Les gens achètent, mais les structures de vente sont soit balbutiantes, soit inexistantes. Exiger de ce marché qu’il soit structuré est une ambition irréaliste. Un marché ne se structure pas, mais il est fondé sur des règles communément admises -et tout particulièrement la cote d’un artiste. Cette cote est affaire de médias, de collectionneurs et surtout des maisons de vente – inexistantes au Maroc. En l’absence de ses composantes, les points de vente des oeuvres d’art se limitent généralement aux galeries et aux ateliers des peintres. La galerie que l’on voit aujourd’hui, il n’est pas certain de la revoir demain. Et puis, comment devient-on galeriste au Maroc? La question n’est pas vaine, parce que la passion de l’art, la vraie connaissance de l’histoire de l’art et un projet durable ne portent pas toujours les personnes à ouvrir une galerie. Le débat entre la responsable de la galerie Alif Ba à Casablanca et celui de Matisse art gallery à Marrakech est très instructif en ce sens. Ce dernier dit qu’il est l’un des rares galeristes à faire un dossier de presse aux exposants ainsi qu’une grande affiche. La responsable de la galerie Alif Ba estime, quant à elle, que c’est à l’artiste de faire une affiche. Le rôle d’une galerie se limite selon elle à lui ouvrir un espace et à inviter des gens.
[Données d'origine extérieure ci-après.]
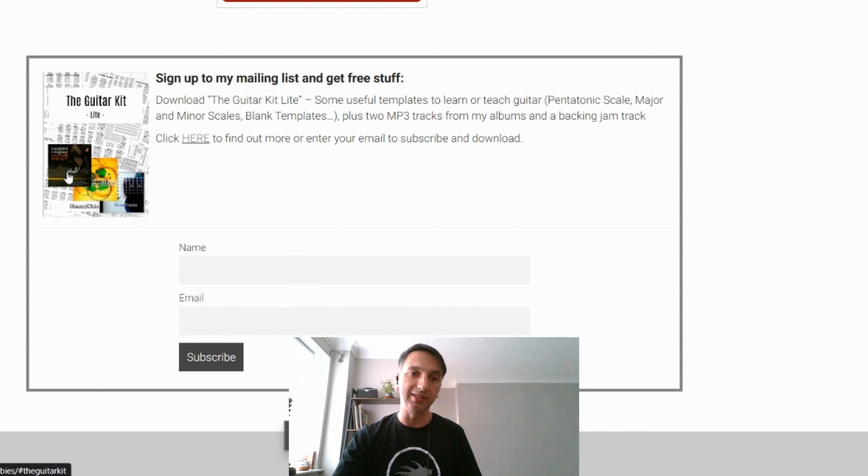Just a reminder — as I've gained quite a few subscribers in the last couple of months, there are some freebies you can download from my website: templates, tracks, and other things. When you sign up to my mailing list I will not spam you. The first freebie is the Guitar Kit Lite — a smaller version of a bigger product with a bunch of templates useful for guitarists and teachers: chord charts, seventh chords, pentatonic shapes, the five shapes, major scale, three notes per string, and something to do with modes.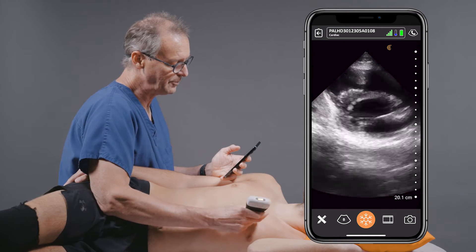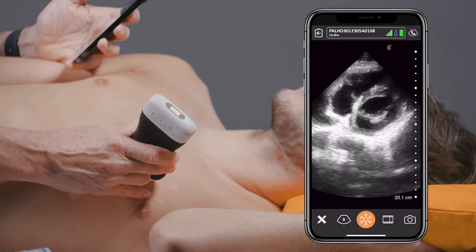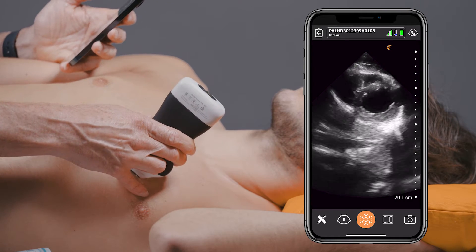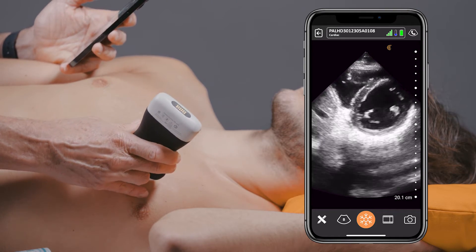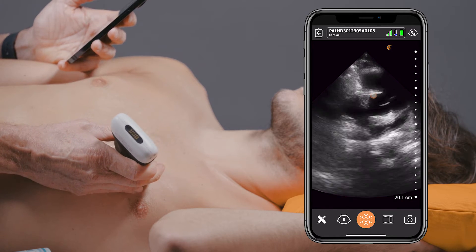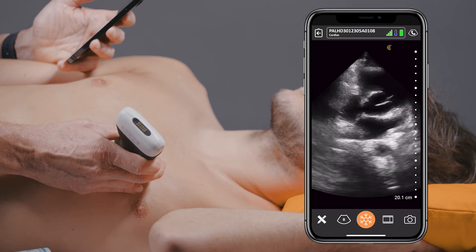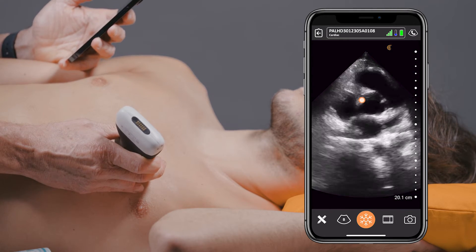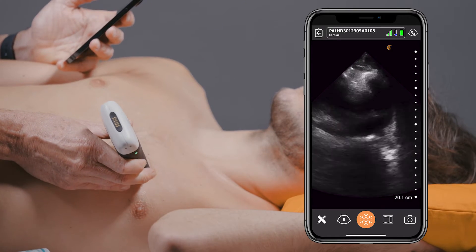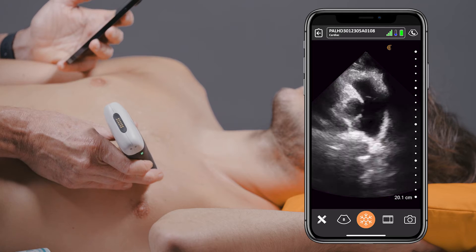From here we can flip over into the parasternal short axis view. By angling the probe towards the apex, we can see the apex of the heart. We can also angle the transducer to pick up the base of the heart, specifically the aortic valve. To the left of the aortic valve you see the tricuspid valve, and by continuing to angle the transducer, we can even pick up the pulmonary artery and the pulmonic valve.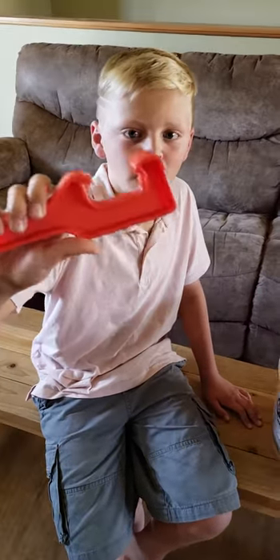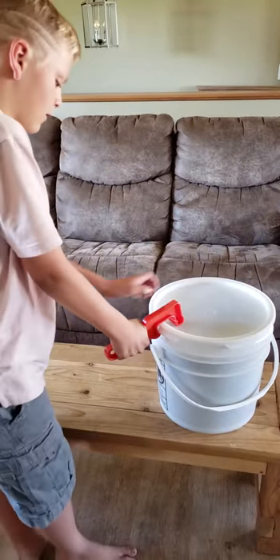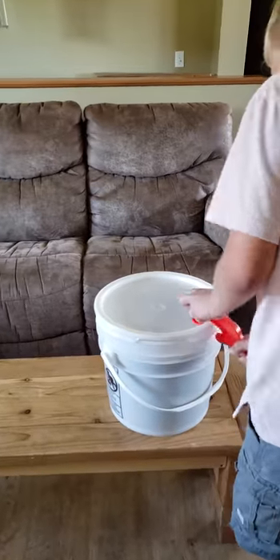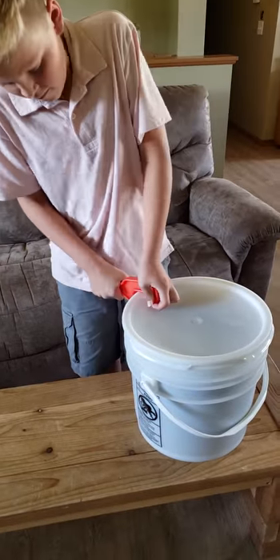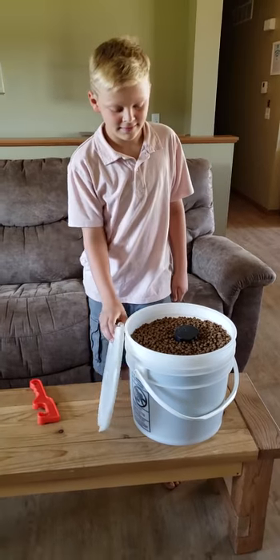Yeah. I'm just going to hook it over the middle of these things and then go like that. Look at that you guys — my six-year-old opened a bucket with this. I actually didn't even tell her how to use it, I just handed it to her and she did it. So easy! And now we're going to refill our dog food container.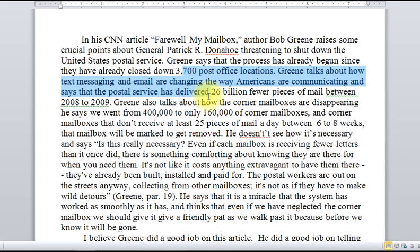Business is dropping. Green thinks we can still keep the mailboxes — this is another major point he made. Another point that Green made in his article was that the system was so smooth, we ought to be thankful for it. This summary is pretty much right on.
Elle considère qu’il n’est pas possible d’investir de l’argent dans l’incertitude de le récupérer. «Et si le peintre ne vend pas ?», s’interrogeait-elle. En d’autres termes, l’incertitude de la vente bloque tout investissement. C’est ce manque de professionnalisme des galeristes qui pousse certains peintres à refuser carrément de montrer leurs tableaux dans des galeries.
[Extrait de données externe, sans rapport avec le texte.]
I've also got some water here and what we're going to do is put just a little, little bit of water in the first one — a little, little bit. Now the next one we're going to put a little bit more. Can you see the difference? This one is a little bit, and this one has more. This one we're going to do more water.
«Que m’apporte une galerie ?», se demande le peintre Fouad Bellamine. «Je peux accepter qu’une galerie perçoive une commission de 50% pourvu qu’elle fasse correctement son boulot» ajoute-t-il. Aux yeux du peintre Bellamine, une vraie galerie doit investir dans l’édition en faisant un catalogue aux peintres. Elle doit aussi se battre pour les présenter dans des foires internationales.
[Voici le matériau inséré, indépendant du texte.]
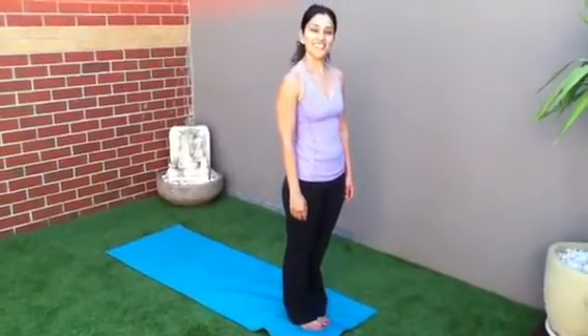Hi everybody. Welcome to your yoga teacher. This is day two of Sun Salutation. We're going to do two rounds today.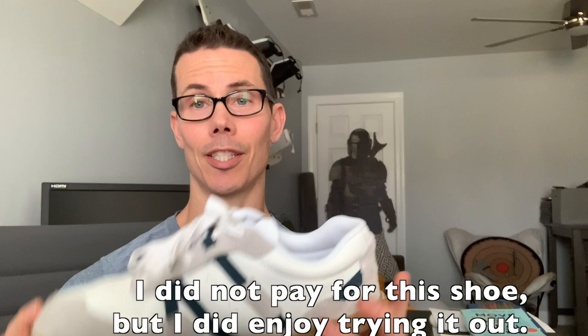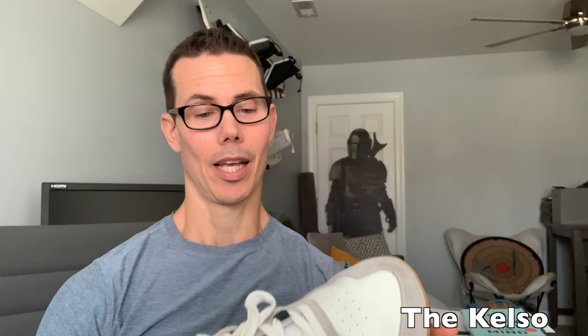Hey guys, I'm Tim with Original Strength, and today I am reviewing a new shoe that was sent to me by my good friends at Xero Shoes. This bad boy is the Kelso.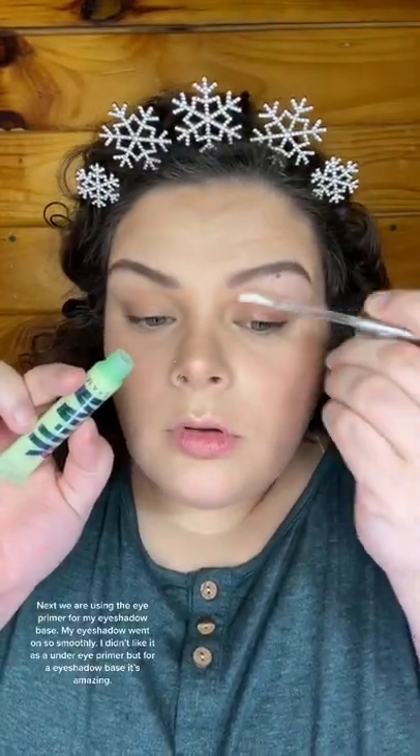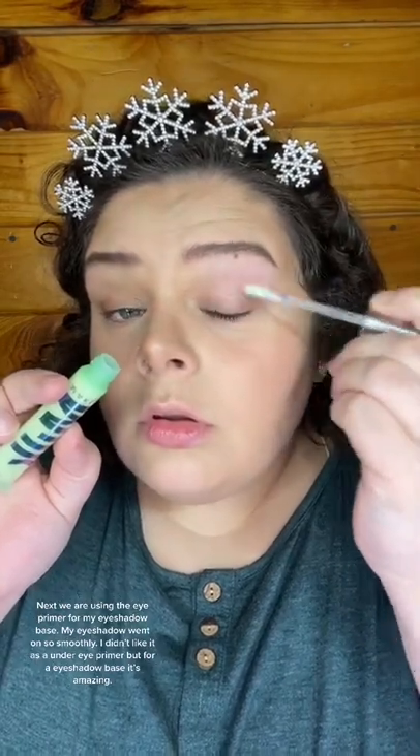Next we are using the eye primer for my eyeshadow base. My eyeshadow went on so smoothly. I didn't like it as an under eye primer, but for an eyeshadow base it's amazing. My face makeup stayed on so well with these primers and setting spray. Best makeup base I've had in a while.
C’est cette internationalisation de la vente qui fait défaut à plusieurs galeries. En plus, ces galeries n’occupent pas d’espaces publicitaires dans les revues d’art spécialisées, comme cela est très largement le cas dans les autres pays. On ne peut que féliciter l’initiative de la Villa des Arts qui attire encore une fois l’attention du public sur des sujets intrinsèques à la réalité des arts plastiques au Maroc.
Le débat s’est malheureusement limité aux rôles des galeries au Maroc. Le marché de l’art ne se réduit en aucun cas à eux. Les représentants des pouvoirs publics de même que certains collectionneurs, qui ont pourtant été invités à cette journée, ne sont pas venus.